Compare list w/ sublist

Question

I have 2 lists:

lista = ['1.2.3.4', '2.3.4.5', '3.4.5.6'] # 12,000 IP's
listb = [['1.2.3.4', 'info', 'moreinfo', 'moremoreinfo'], ['2.3.4.5', 'info', 'moreinfo', 'moremoreinfo']] # 1.8m IP's + info

I'm looking for a way to take lista, if the ip exsits in listb, give me all the info on it.

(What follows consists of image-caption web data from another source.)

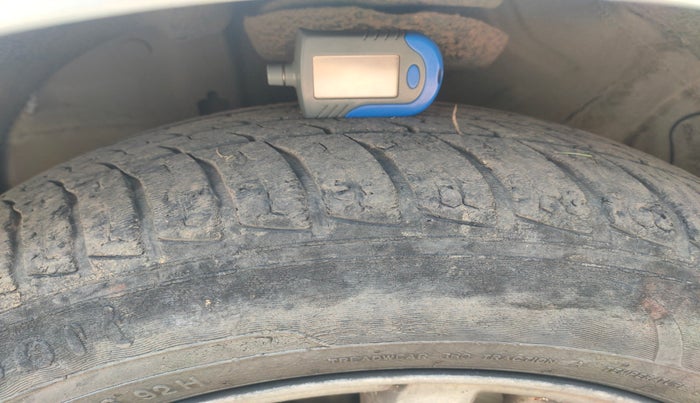 2014 Chevrolet Cruze LTZ, Diesel, Manual, 53,608 km, tyre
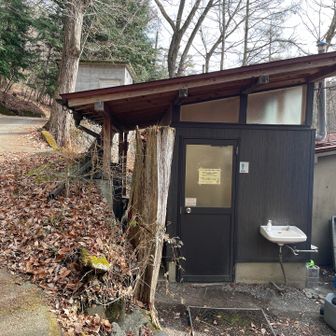 水明荘脇にトイレがあります
有り難く使わせて頂きました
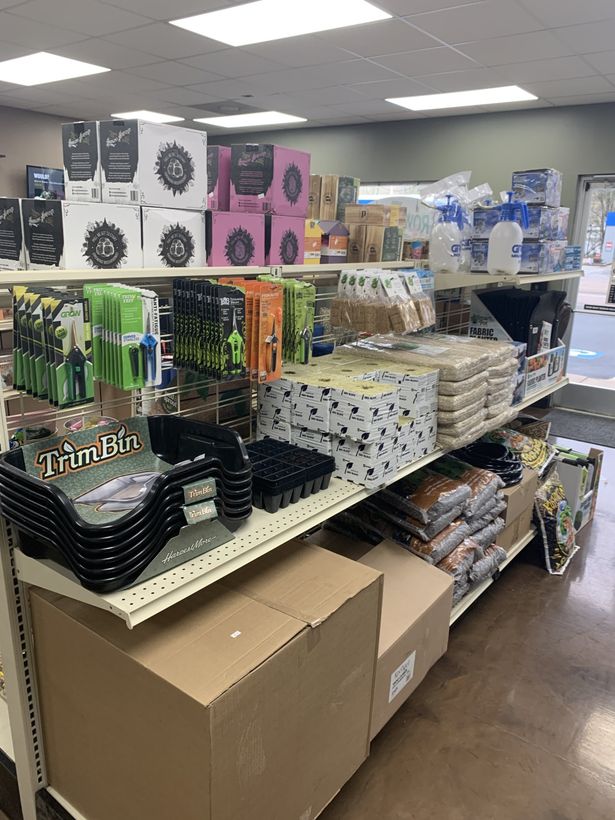 Trim Bins and Gardening Accessories at Growpher's Storefront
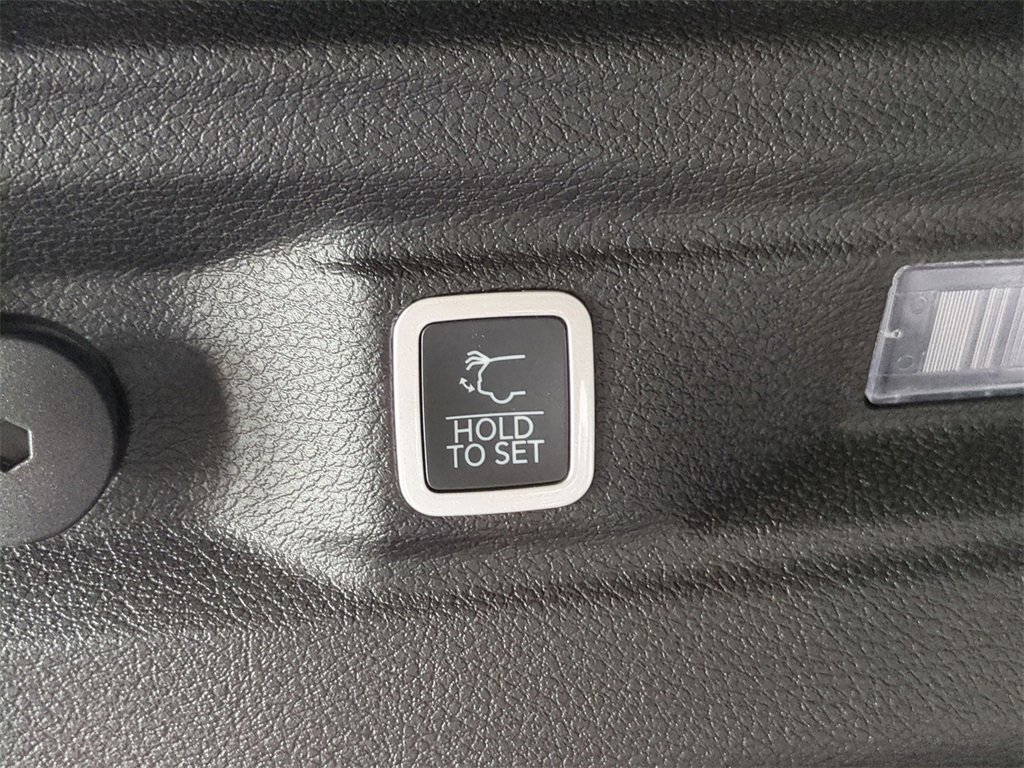 New 2025 Jeep Grand Cherokee L Altitude image 14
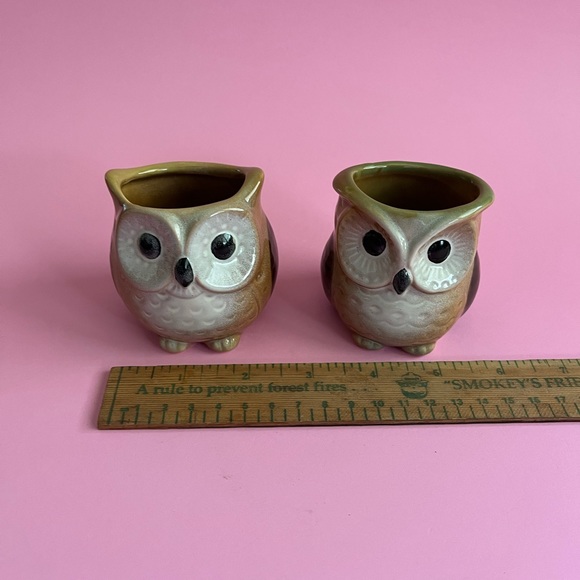 Set of 2 ceramic owl planters in Hootiful condition.
7cm tall - Picture 6 of 7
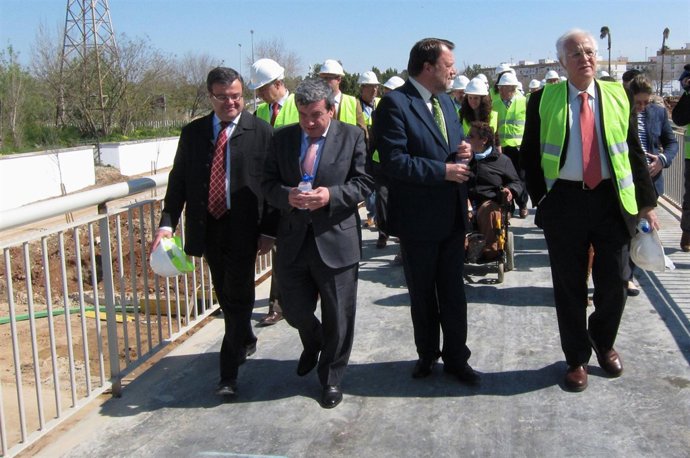 El alcalde de Sevilla, Alfredo Sánchez Monteseirín, y el delegado del Gobierno e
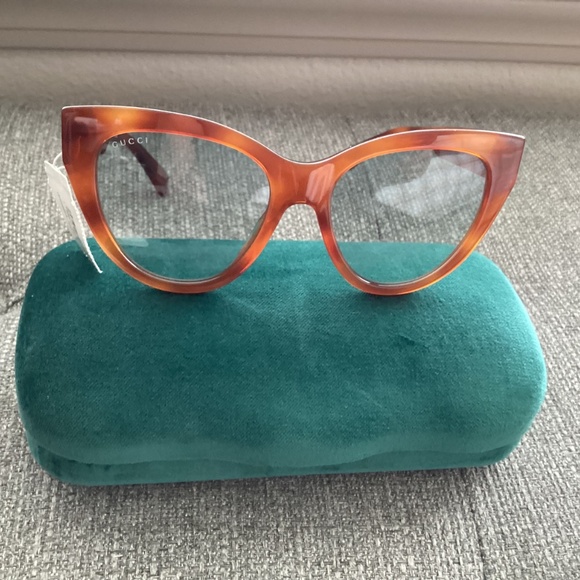 Gucci Core 53mm Cat Eye Sunglasses - Picture 4 of 11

I've tried looping, but its incredibly slow:

for listaitem in lista:
    for listbitem in listb:
        if listaitem in listbitem[0]:
            print listbitem

Any suggetions on how to speed this up?

Answer 1

You could turn lista into a set for fast membership testing, then just loop over listb to select any that are found in lista :

lista_set = set(lista)
for item in listb:
    if item[0] in lista_set:
        print item

The next step is turning listb into a dictionary:

listb_dict = {item[0]: item[1:] for item in listb}

Now you can use sets to pick out just the ones that are both in lista_set and listb_dict :

for match in listb_dict.viewkeys() & lista_set:
    print match, listb_dict[match]

Answer 2

lista = ['1.2.3.4', '2.3.4.5', '3.4.5.6']
listb = [['1.2.3.4', 'info', 'moreinfo', 'moremoreinfo'],
         ['2.3.4.5', 'info', 'moreinfo', 'moremoreinfo']]

Turn listb into a dictionary

dictb = {i[0] : i[1:] for i in listb}

Iterate over lista and look for entries in dictb

for elem in lista:
    print dictb.get(elem)

['info', 'moreinfo', 'moremoreinfo']
['info', 'moreinfo', 'moremoreinfo']
None

Answer 3

You should convert the data to a format more suitable for searching: a dictionary.

ip_info = {info[0]: info[1:] for info in listb}

Then you can very quickly look up information about a particular IP.

for ip in lista:
    if ip in ip_info:
        print(ip_info[ip])